[Data extracted from a collection]
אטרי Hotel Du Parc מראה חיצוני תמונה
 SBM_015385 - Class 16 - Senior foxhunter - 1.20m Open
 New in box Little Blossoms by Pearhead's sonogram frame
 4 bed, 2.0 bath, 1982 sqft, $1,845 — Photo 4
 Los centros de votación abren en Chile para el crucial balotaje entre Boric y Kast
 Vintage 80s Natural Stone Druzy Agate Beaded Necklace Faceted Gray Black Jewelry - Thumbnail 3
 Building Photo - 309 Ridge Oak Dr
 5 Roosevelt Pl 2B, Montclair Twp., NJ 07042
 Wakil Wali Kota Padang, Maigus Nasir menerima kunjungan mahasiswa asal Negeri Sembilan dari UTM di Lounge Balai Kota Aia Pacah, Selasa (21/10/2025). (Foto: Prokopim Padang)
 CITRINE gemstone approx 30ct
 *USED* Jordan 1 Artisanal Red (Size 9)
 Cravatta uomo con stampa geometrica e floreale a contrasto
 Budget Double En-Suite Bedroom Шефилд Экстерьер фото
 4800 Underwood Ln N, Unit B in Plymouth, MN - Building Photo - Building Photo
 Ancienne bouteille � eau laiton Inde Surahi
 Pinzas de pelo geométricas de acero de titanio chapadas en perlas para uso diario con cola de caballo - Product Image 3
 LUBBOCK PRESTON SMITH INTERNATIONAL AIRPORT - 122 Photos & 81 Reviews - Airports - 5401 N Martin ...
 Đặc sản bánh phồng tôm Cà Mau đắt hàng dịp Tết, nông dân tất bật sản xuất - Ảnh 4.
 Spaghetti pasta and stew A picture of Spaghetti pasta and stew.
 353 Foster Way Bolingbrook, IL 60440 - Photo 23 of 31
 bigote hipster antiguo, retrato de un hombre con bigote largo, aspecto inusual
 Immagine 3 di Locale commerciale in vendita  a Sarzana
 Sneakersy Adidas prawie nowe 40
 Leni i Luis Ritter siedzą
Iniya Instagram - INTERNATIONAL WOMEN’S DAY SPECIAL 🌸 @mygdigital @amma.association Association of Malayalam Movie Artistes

=== What you will do ===
In the records above, return precisely the line containing "353 Foster Way" and each line that comes after it, up to the final one.

=== Your solution ===
 353 Foster Way Bolingbrook, IL 60440 - Photo 23 of 31
 bigote hipster antiguo, retrato de un hombre con bigote largo, aspecto inusual
 Immagine 3 di Locale commerciale in vendita  a Sarzana
 Sneakersy Adidas prawie nowe 40
 Leni i Luis Ritter siedzą
Iniya Instagram - INTERNATIONAL WOMEN’S DAY SPECIAL 🌸 @mygdigital @amma.association Association of Malayalam Movie Artistes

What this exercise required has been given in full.